(Data excerpts)
##############################
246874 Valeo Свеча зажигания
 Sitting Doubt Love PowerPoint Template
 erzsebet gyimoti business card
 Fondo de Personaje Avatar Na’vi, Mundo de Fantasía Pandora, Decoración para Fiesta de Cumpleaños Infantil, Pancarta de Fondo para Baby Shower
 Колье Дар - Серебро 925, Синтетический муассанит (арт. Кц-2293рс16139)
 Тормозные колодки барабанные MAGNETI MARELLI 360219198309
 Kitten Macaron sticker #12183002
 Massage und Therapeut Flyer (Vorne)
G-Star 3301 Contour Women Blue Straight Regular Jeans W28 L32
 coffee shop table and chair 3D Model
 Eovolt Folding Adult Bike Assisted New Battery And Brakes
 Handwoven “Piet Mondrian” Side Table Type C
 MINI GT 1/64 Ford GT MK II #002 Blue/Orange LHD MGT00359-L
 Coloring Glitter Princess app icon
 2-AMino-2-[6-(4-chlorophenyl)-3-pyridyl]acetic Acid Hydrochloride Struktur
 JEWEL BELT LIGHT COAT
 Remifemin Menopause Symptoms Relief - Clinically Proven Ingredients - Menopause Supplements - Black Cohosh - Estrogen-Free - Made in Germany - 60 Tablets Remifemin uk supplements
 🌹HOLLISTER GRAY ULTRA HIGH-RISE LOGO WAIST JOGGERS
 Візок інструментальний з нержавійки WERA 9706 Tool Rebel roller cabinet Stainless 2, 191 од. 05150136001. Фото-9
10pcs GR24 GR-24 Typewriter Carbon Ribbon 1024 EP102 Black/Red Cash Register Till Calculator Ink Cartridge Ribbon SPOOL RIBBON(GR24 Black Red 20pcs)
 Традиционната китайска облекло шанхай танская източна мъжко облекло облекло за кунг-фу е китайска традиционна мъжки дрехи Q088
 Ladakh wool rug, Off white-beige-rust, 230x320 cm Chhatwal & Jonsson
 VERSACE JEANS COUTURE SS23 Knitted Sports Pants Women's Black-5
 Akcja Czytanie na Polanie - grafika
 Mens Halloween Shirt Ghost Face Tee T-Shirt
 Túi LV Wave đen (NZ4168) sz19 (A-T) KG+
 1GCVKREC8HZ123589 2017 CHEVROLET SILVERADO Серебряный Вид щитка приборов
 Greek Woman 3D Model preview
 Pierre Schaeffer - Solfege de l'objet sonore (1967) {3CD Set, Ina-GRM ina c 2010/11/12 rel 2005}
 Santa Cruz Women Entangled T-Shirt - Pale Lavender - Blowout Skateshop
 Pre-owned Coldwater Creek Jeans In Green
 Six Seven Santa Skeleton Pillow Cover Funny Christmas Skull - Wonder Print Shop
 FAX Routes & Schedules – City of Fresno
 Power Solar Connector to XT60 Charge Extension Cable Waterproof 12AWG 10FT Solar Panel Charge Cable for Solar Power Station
##############################
What the task asks ▸ Tell how many lines in the entries above include the word "Blue", and respond with the number alone.

Answer ▸ 2